Mang Dick Baldovino, esteemed photographer and mentor, died last night. The wake is at St. Peter’s Memorial Chapel on Quezon Avenue. Cremation on Tuesday.
I sat down to write a proper obituary, then it occurred to me that my Mang Dick stories are all funny and not very proper. For starters, I don’t even know how old he was. In 2002, when he agreed to be chief of photographers for Flip magazine, he said he was 71 years old. Later we suspected that he was not actually 71—too much energy—but enjoyed shocking people (“But you look so young!”).
I met him in the mid-90s through my late friend Ruthie, who had worked with him on various art books.

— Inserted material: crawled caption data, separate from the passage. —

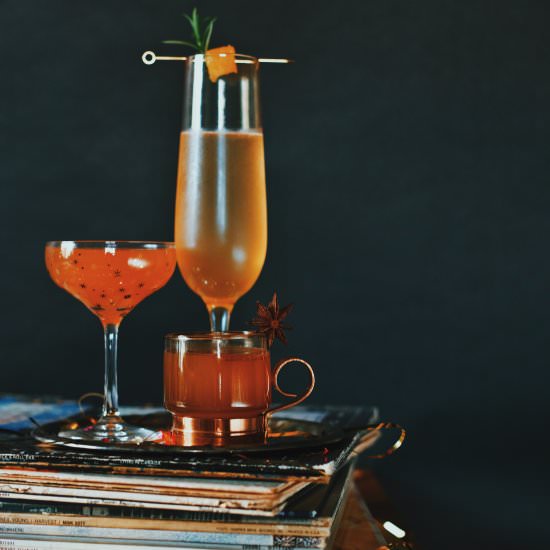 PINEAPPLE NEW YEARS COCKTAIL - Recipe photo by dinexdesign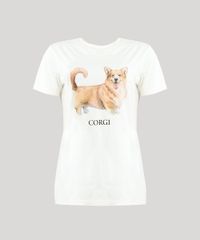 T-Shirt-Feminina-Mindset-Cachorro-Corgi-Manga-Curta-Decote-Redondo-Off-White-9818421-Off_White_5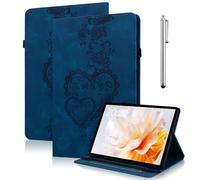 YiChZhe Funda para Samsung Galaxy Tab S6 Lite de 10,4 pulgadas 2024/2022/2020, piel sintética con lápiz capacitivo y tarjetero, compatible con SM-P620N/P625N/P610N/P613N/P615N, azul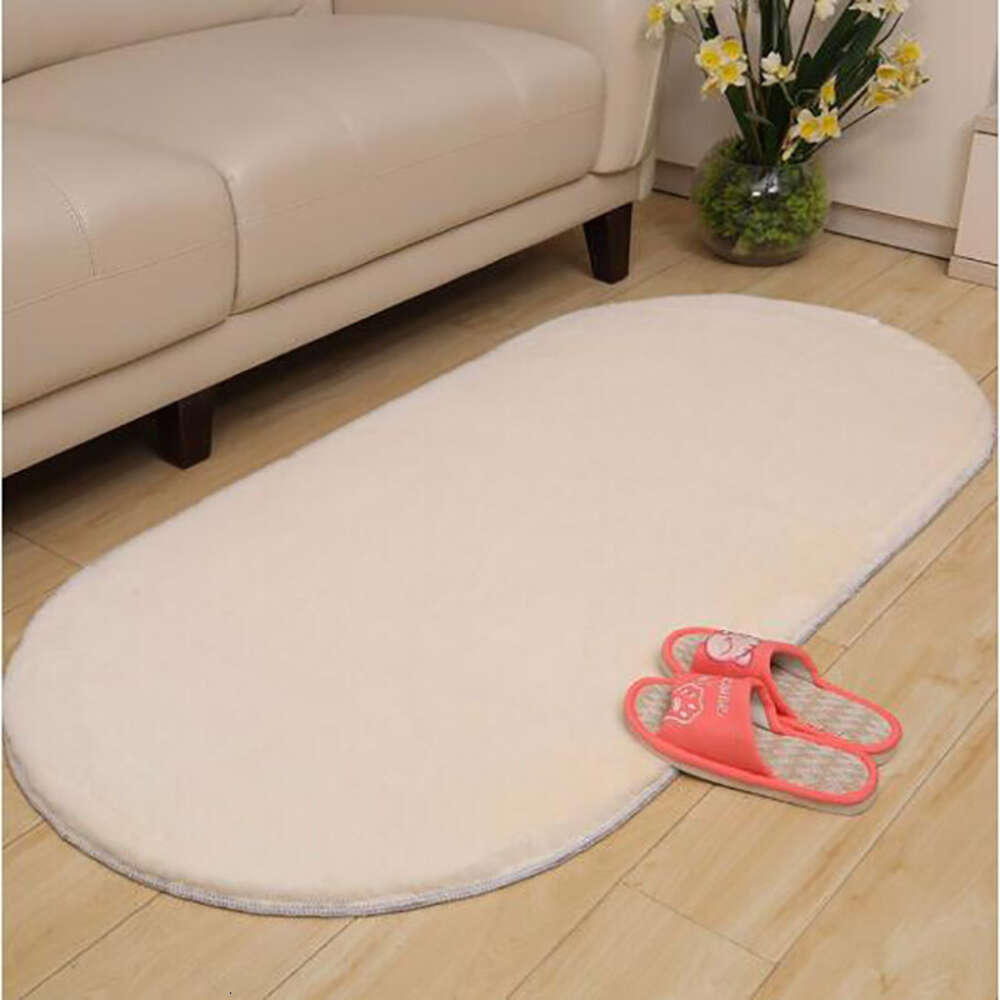 Imitation Rabbit Fur Sofa Carpet Floor Imitation Wool Seat Cushion, Bay Window Living Room Bedroom Non Slip Foot Mat, Blanket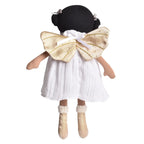 Organic Fairy Doll for Babies – Aurora with Gold Wings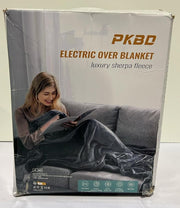 Electric Blanket Throw Heated Blanket and Up-to-9hrs (BOX DAMAGED)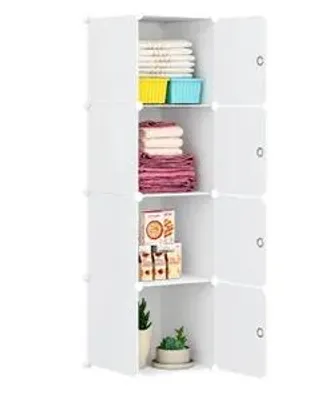 Image de Armoire modulaire Armoire blanche Etagères Library Post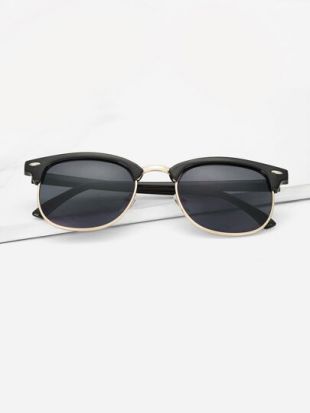 Lunettes de soleil à monture unicolore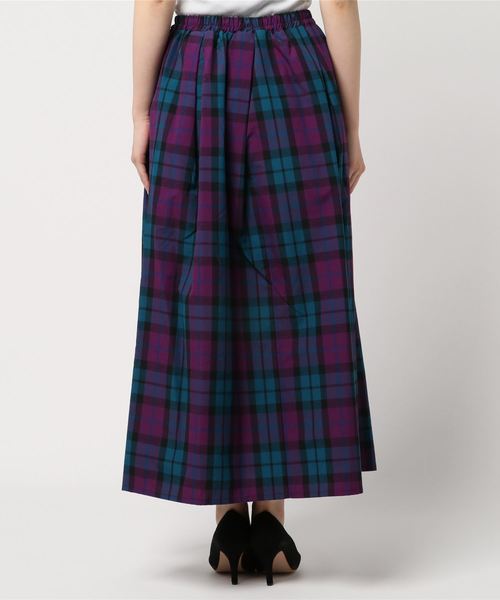 notch.（ノッチ）の「チェックマキシスカート（スカート・レディース・パープル/ブルー・M/L）」の4枚目の写真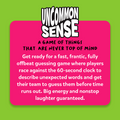 Uncommon Sense | 10 Years+ | 4 Players and up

We used to hang around in coffee shops, listening to his stories about working with the film director Gerardo De Leon (Mang Dick was the still photographer on The Moises Padilla Story), photographing Emilio Aguinaldo, and his fantastic collection of Leicas (There’s a beautiful one from the 1930s that I kept threatening to steal). We would visit the North and Chinese cemeteries and look for bizarre mausoleums (Mang Dick mentioned that his father had worked for a maker of funerary statues). This was in the age of pagers, when the operator refused to transmit the name ‘Dick’. My friends and I kept bugging Mang Dick to let us organize his archives, but he wouldn’t let us near them. Then Ruth died in 2002 and Mang Dick had a stroke the following year. The last time I spoke to Mang Dick was at my mother’s wake in 2003, where he cheered everyone up immensely.
Mang Dick’s subjects always looked terrific, and this was achieved without artsy effects or make-up. It was all about available light. We would stand around waiting for the sun to emerge from behind a cloud, and at the exact right moment he would snap the photo and it would be perfect. Richard Fletcher Baldovino was a great photographer and advocate of talent, and we are honored to have known him.